STORED DATA Start Marker
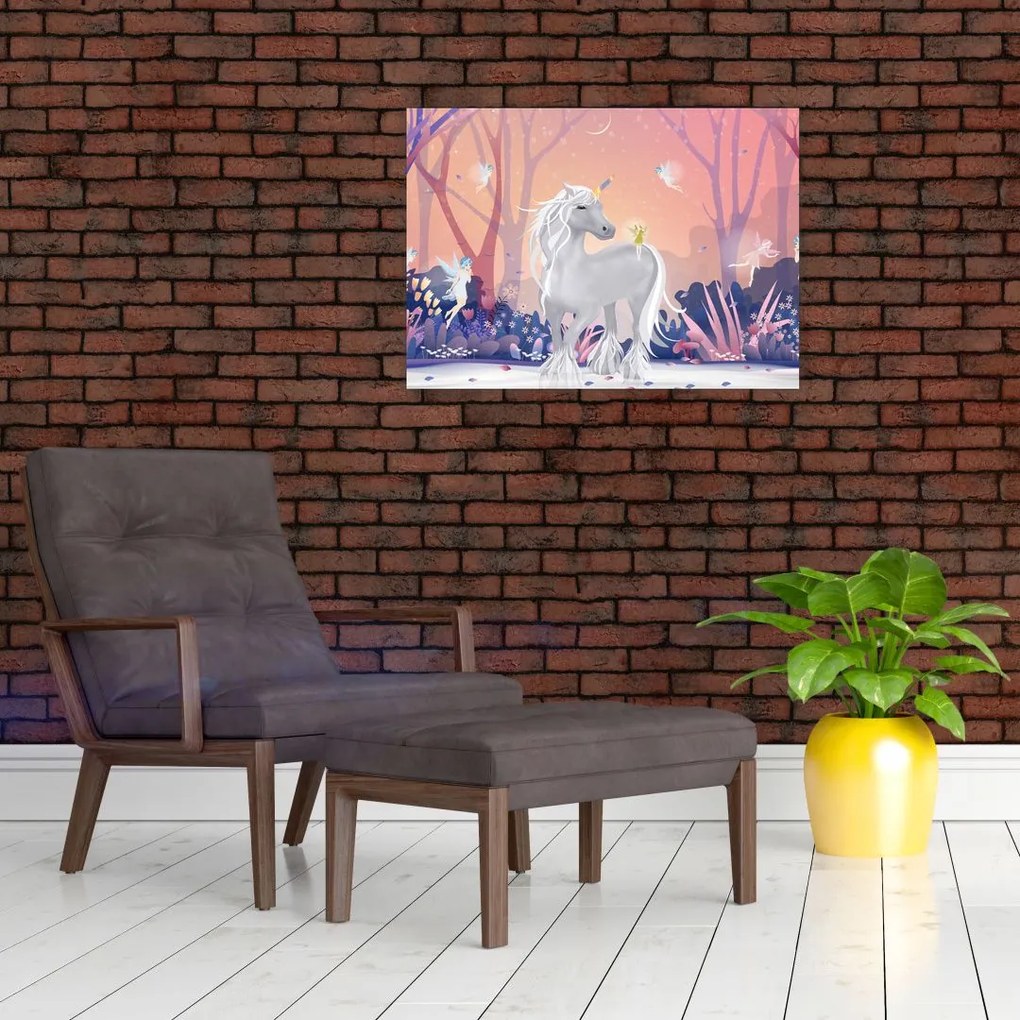 Obraz - Jednorożec w magicznym lesie (70x50 cm)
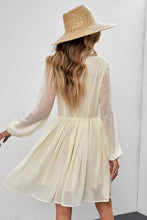 Load image into Gallery viewer, 4936 Mesh Balloon Sleeve Cream Mid Dress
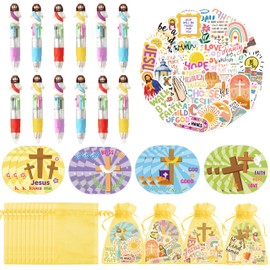CY2SIDE Jesus Religious Stationery Gift - 12 Pack Christian Bible Stationery Party Gift Include 4-in-1 Ballpoint Pen Sticky Note Sticker and Religious Party Goodie Bag Fillers for Sunday School Reward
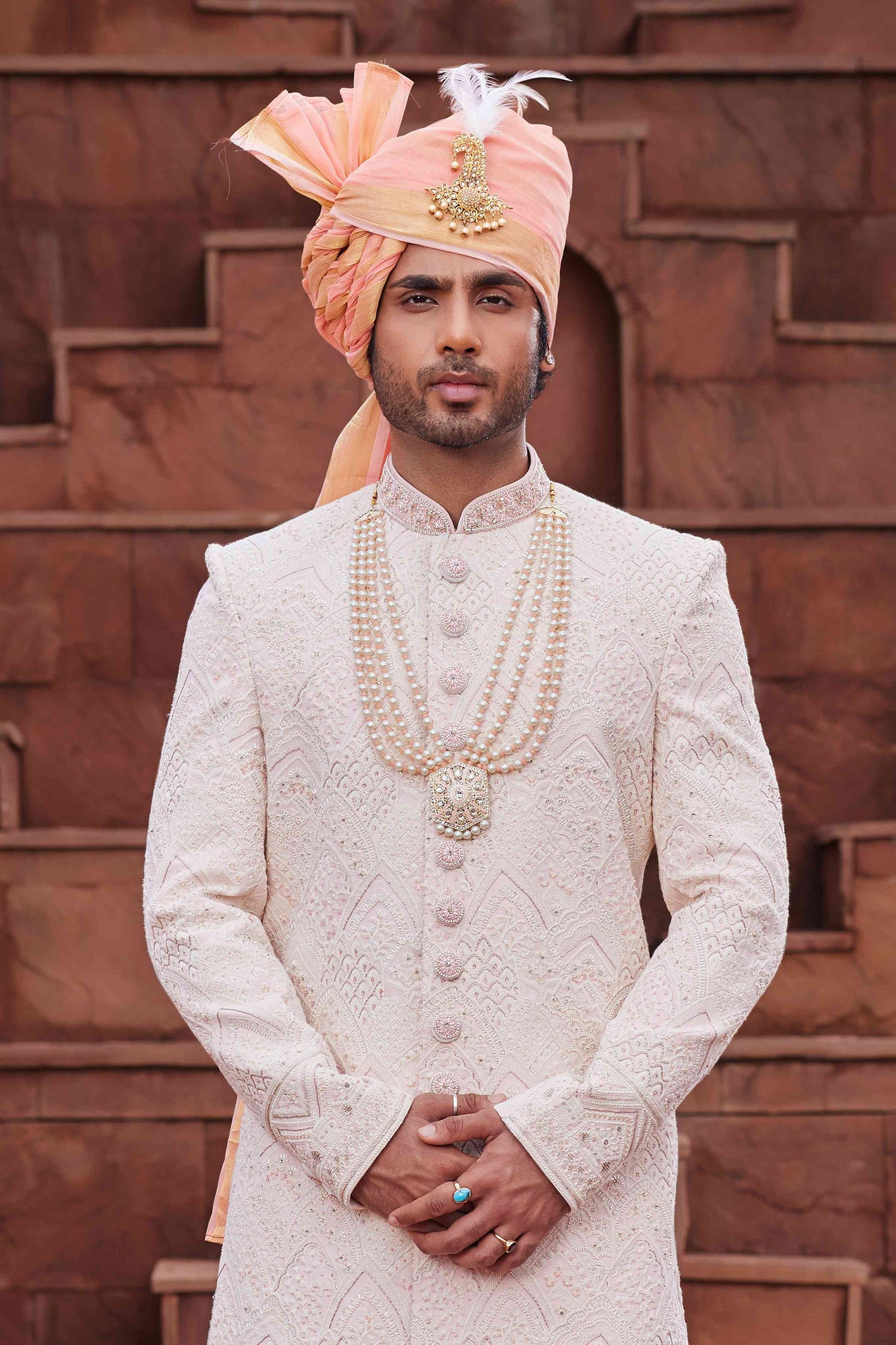 Peach Designer Sherwani for Groom with Embroidery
STORED DATA End Marker
◆ **INSTRUCTIONS FOR THE TASK**
With the pictures removed, return the full listing exactly as given.

◆ **SOLUTION**
 Obraz - Jednorożec w magicznym lesie (70x50 cm)
 Load image into Gallery viewer, 4936 Mesh Balloon Sleeve Cream Mid Dress
CY2SIDE Jesus Religious Stationery Gift - 12 Pack Christian Bible Stationery Party Gift Include 4-in-1 Ballpoint Pen Sticky Note Sticker and Religious Party Goodie Bag Fillers for Sunday School Reward
 Peach Designer Sherwani for Groom with Embroidery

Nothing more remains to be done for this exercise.